3. Save An SVG File in Photoshop with Image Assets
Saving SVGs with Image Assets allows you to save multiple image types at once, and also provides the most flexibility of any method of saving, although it is not in itself intuitive to use.
1. Rename the layer/s that you wish to export by adding a .svg to those that you want to export as SVG files. If you want to export all layers combined into one SVG file, then first use Ctrl/Cmd+Alt+E to copy all visible layers to a new layer. You can then add a .svg to the name of this layer.
2. Go to File -> Generate -> Image Assets.
Nothing will appear to happen, but if you re-open the Generate menu, you will see that Image Assets is now ticked.
3. Go to File -> Save As or use the keyboard shortcut Shift+Ctrl/Cmd+S, and save your file as a PSD file type.
4. If you now look in the folder where you saved you SVG file, you will see the PSD document, plus a folder which contains your layer/s saved as SVG files.
This folder contains your SVG file, to do with as you wish.
4. Copy SVG Source Code
If you are wanting an SVG file for web-based use, then it is possible to take the data in HTML markup, although this is not suitable for any other uses.
1. Simply Right-click on the layer and choose Copy SVG.
2. You can then paste the SVG code into your HTML editor.
Note that this will not work if your layer is a Smart Object. In this case, first Rasterize the layer from the menu you see when Right-clicking on the layer.
Photoshop SVG Export Not Working?
The most common reason why Photoshop SVG Export is not working is because Adobe have now discontinued the use of the SVG export function, you need to use the legacy export feature in order to access it. Do this by going to Edit -> Preferences -> Export and choosing the Use legacy “Export As” option.
If you are using an M1 Mac on the other hand, there is currently a known issue with exporting SVG files.
To get around this, you must:
- Open Photoshop using Rosetta.
- Go to Preferences -> Tech Preview and ensure that Optimized Export As is unchecked.
Learn more about Adobe’s current issues with Apple Silicon at the link.
SVG Export Limitations
There are some known limitations to exporting SVG files in Photoshop, including text and layer / clipping masks not rendering as expected, and the background layer exporting as transparent.
Text Not Rending As Expected
It is suggested that you convert text to a shape before saving it to SVG, as this will allow the text to be rendered correctly.
To do this, simply Right-click on your text layer, then choose Convert to Shape in the options menu that appears.
After converting a text layer to a shape, it will no longer be editable as text, so make sure that this is your last step prior to saving as SVG.
Background Layer Exports as Transparent
To prevent the background layer from exporting as transparent in the SVG file, duplicate it in the layers panel.

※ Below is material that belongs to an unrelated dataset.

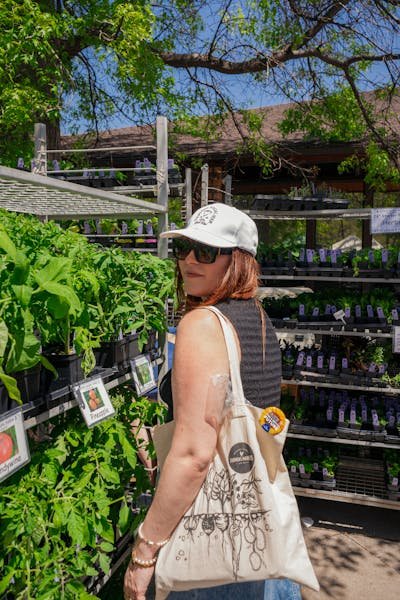 Pépinière saint amour : votre oasis de plantes et de verdure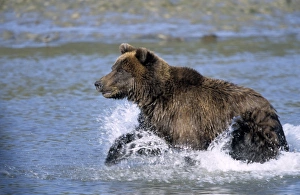 Colorful Animal Pictures Imprime: Brown Bear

This will make it visible in the SVG.
To do this, Right-click on the Background Layer and choose Duplicate Layer from the popup menu. Alternatively, use the keyboard shortcut Ctrl/Cmd+J.
Press OK in the Duplicate Layer window that appears, and you will have successfully duplicated the background layer, and made it visible when exported to SVG.
Final Thoughts on Saving to SVG in Photoshop
There are a variety of ways to save to SVG in Photoshop, including:
- “Export As” for the entire file
- “Export As” for individual layers
- Saving SVG using Image Assets
- Copying the SVG source code
If your save to SVG is not working, then make sure to apply the Legacy “Export As” in Photoshop’s Export preferences. Remember that as Photoshop is a raster-based program, it can be tricky to fully capture every vector-based edit in an exported file, so it can still be better to use PNG, unless you are have a very specific reason to use SVG.